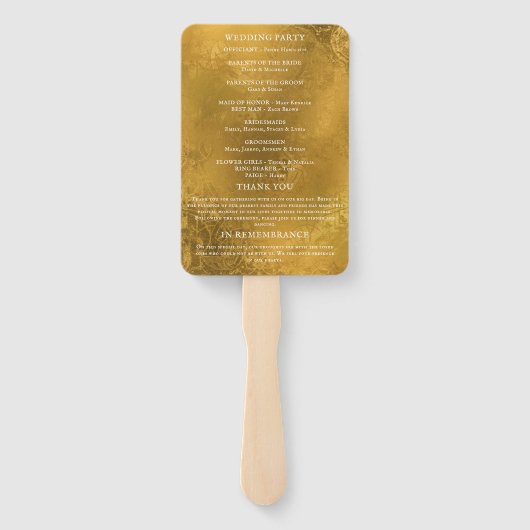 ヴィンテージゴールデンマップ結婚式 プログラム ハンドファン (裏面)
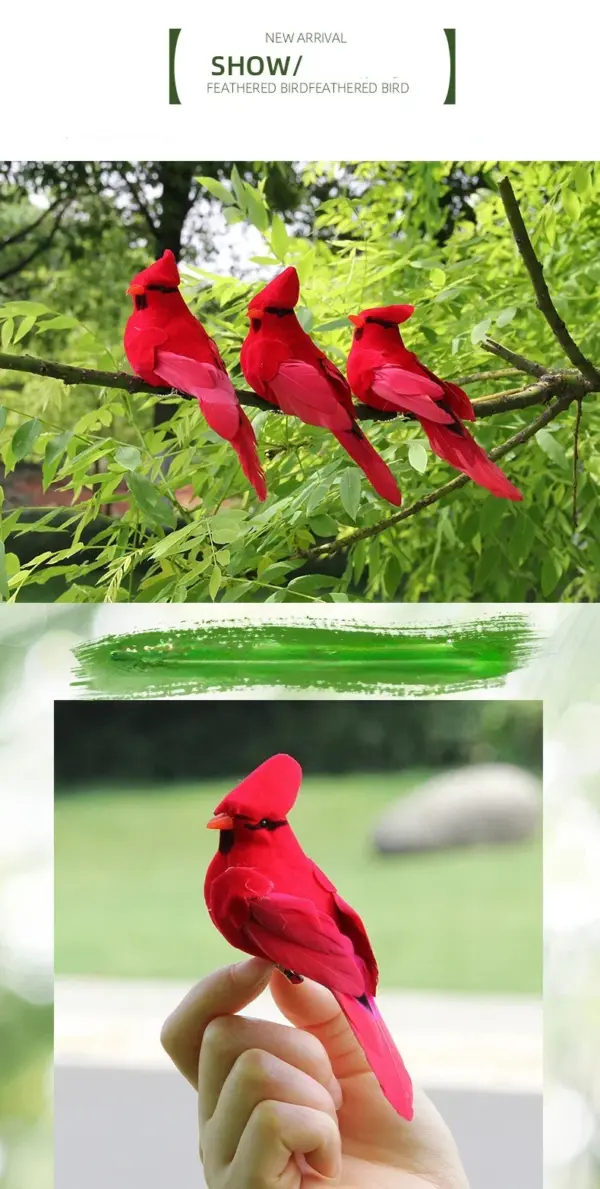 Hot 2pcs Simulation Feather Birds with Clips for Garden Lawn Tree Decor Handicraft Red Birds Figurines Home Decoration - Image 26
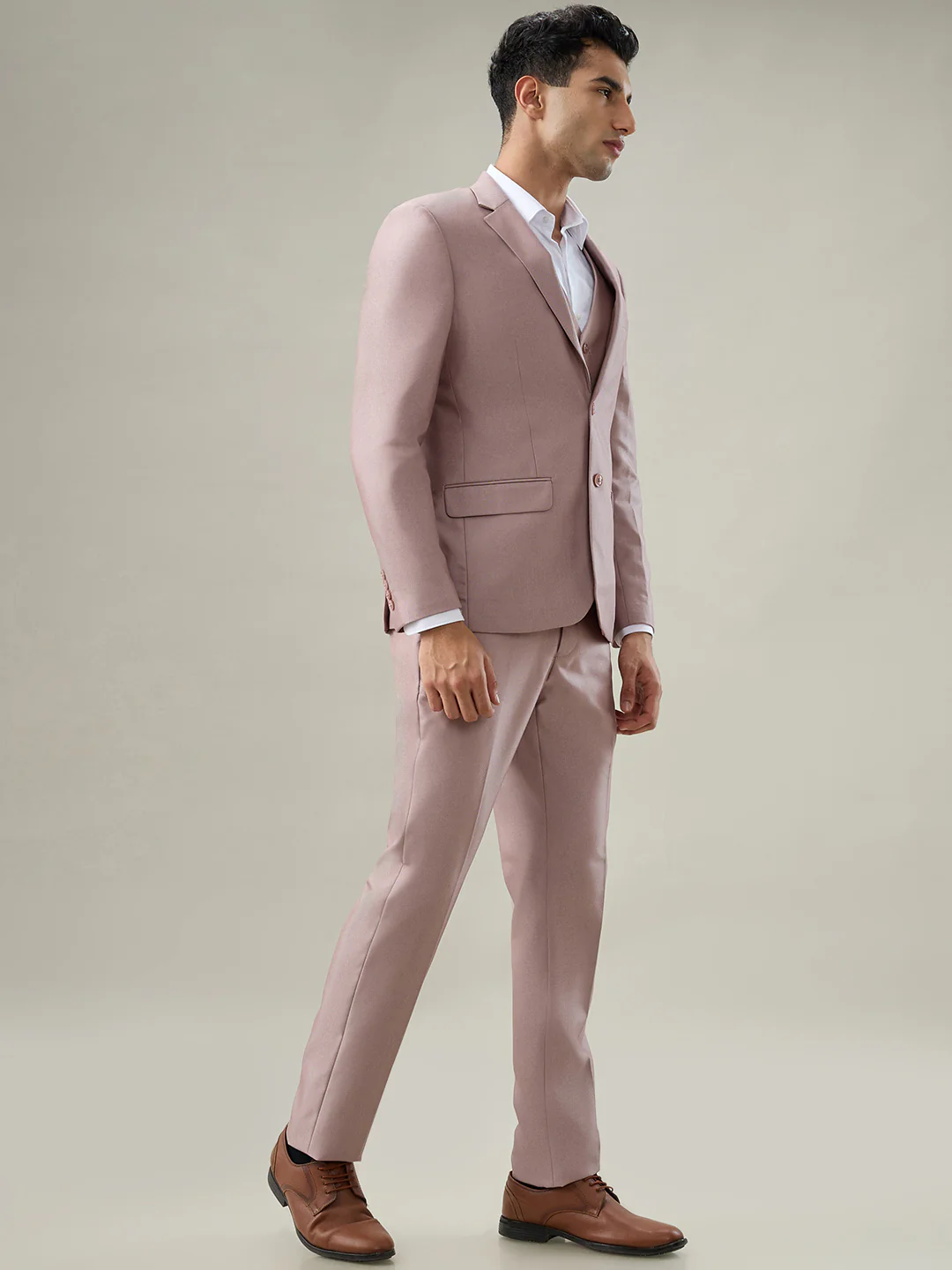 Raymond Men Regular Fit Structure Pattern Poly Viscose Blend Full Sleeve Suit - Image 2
******
- What needs to be done
Return the material in full, word for word, and skip the pictures.

- Finished exercise
 ヴィンテージゴールデンマップ結婚式 プログラム ハンドファン (裏面)
 Hot 2pcs Simulation Feather Birds with Clips for Garden Lawn Tree Decor Handicraft Red Birds Figurines Home Decoration - Image 26
 Raymond Men Regular Fit Structure Pattern Poly Viscose Blend Full Sleeve Suit - Image 2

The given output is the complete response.